Search code examples
coldfusionxsswhitelist

What are my options for white-listing HTML in ColdFusion?


I want to allow my users to input HTML.

Requirements

  1. Allow a specific set of HTML tags.
  2. Preserve characters (do not encode ã into ã, for example)

Existing options

  1. AntiSamy. Unfortunately AntiSamy encodes special characters and breaks requirement 2.
  2. Native ColdFusion functions (HTMLCodeFormat() etc...) don't work as they encode HTML into entities, and thus fail requirement 1.
  3. I found this set of functions somewhere, but I have no way of telling how secure this is: http://pastie.org/2072867

So what are my options? Are there existing libraries for this?


Solution

  • Portcullis works well for Cold Fusion for attack-specific issues. I've used a couple of other regex solutions I found on the web over time that have worked well, though they haven't been nearly as fleshed out. In 15 years (10 as a CMS developer) nothing I've built has been hacked....knock on wood.

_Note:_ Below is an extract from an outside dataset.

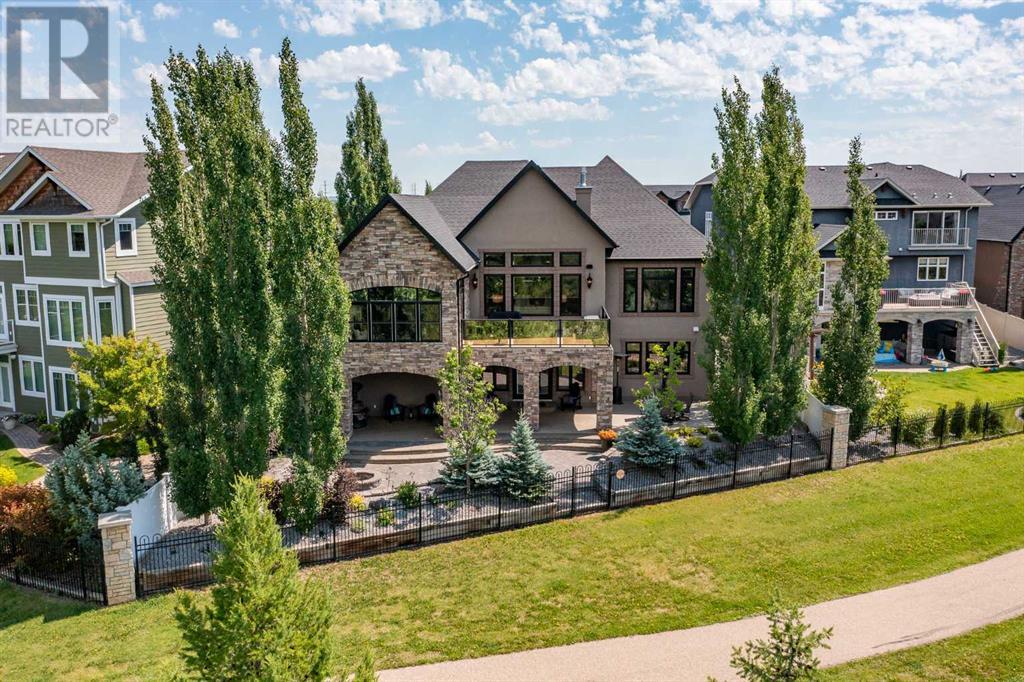 Photo 3 of 32 Sagewood Close, Red Deer AB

    When developing input fields of any type, it's good to look at the problem from different angles. You've got the UI side, which includes both usability and client-side validation. Yes, it can be bypassed, but javascript-based validation is quicker, more responsive, and rates higher on the magical UI scale than backend-interruption method or simply making things "disappear" without warning. It will speed up the back-end validation because it does the initial screening. So, it's not an "instead of" but an "in-addition to" type solution that can't be ignored.

    Also on the UI front, giving your users a good quality editor also can make a huge difference in the process. My personal favorite is CKeditor simply because it's the only one that can handle Microsoft Word code on the front-side, keeping it far away from my DB. It seems silly, but Word HTML is valid, so it won't setoff any red flags....but on a moderately sized document it will quickly overload a DB field insert max, believe it or not. Not only will a good editor reduce the amount of silly HTML that comes in, but it will also just make things faster for the user....win/win.

    I personally encode and decode my characters...it's always just worked well so I've never changed practice.